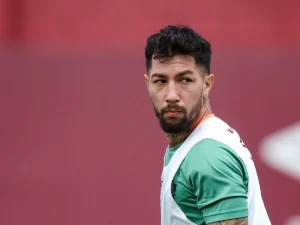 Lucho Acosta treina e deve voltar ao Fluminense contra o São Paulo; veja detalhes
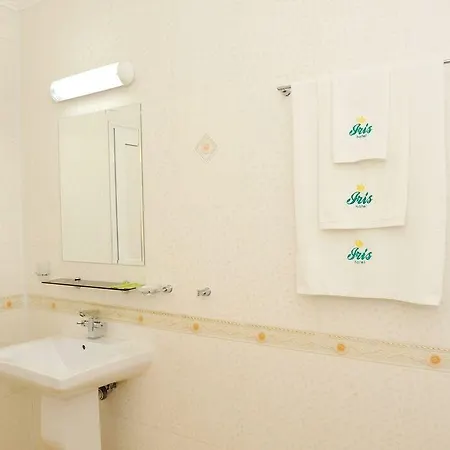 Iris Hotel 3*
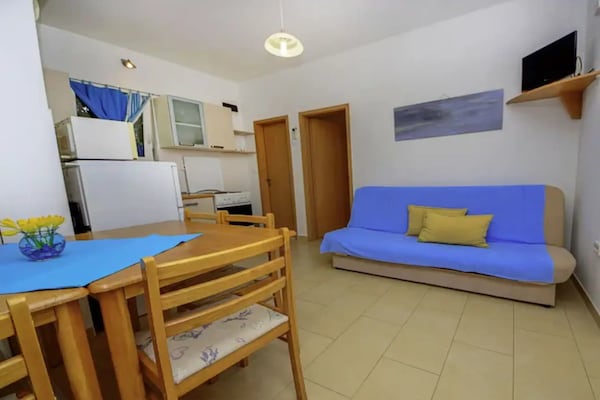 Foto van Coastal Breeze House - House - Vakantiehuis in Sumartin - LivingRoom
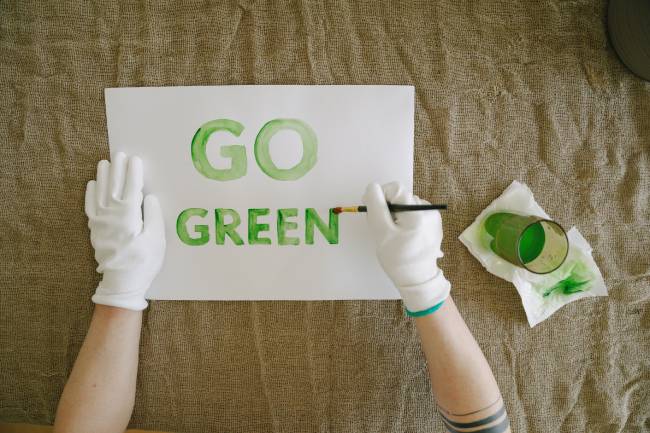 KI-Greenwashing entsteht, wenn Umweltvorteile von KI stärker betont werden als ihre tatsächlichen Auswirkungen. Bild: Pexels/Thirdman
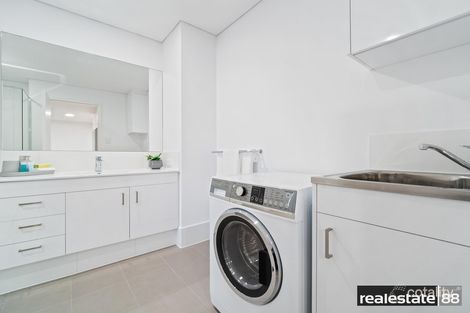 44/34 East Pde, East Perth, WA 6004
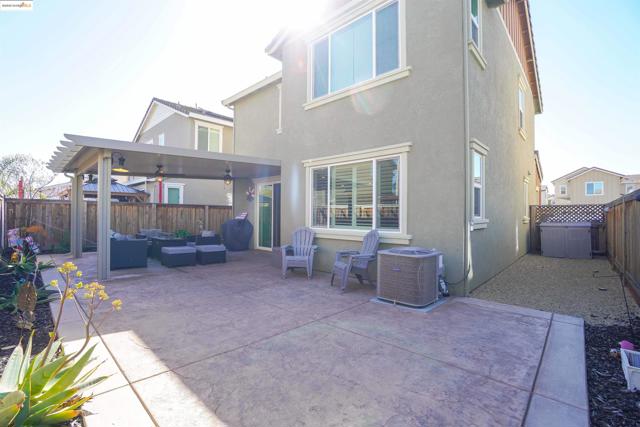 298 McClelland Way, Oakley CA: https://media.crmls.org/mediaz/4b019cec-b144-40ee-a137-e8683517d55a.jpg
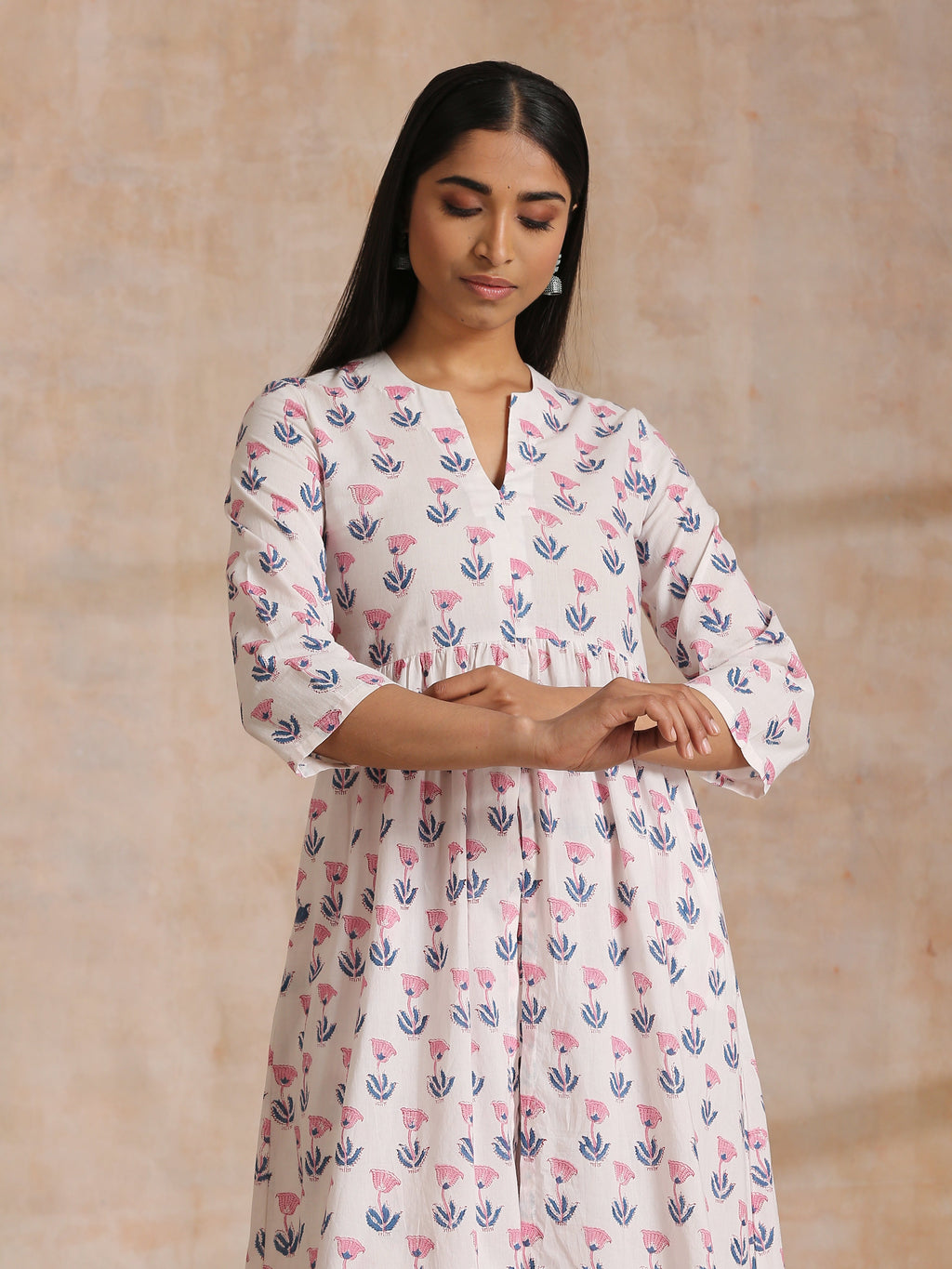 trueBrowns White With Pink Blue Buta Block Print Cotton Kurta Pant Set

◇ ◇ ◇

→ **WORK TASK**:
Could you write out again, exactly, the lines from the line containing "Foto van Coastal" through the last line of the records above? Leave out the pictures.

→ **REPLY**:
 Foto van Coastal Breeze House - House - Vakantiehuis in Sumartin - LivingRoom
 KI-Greenwashing entsteht, wenn Umweltvorteile von KI stärker betont werden als ihre tatsächlichen Auswirkungen. Bild: Pexels/Thirdman
 44/34 East Pde, East Perth, WA 6004
 298 McClelland Way, Oakley CA: https://media.crmls.org/mediaz/4b019cec-b144-40ee-a137-e8683517d55a.jpg
 trueBrowns White With Pink Blue Buta Block Print Cotton Kurta Pant Set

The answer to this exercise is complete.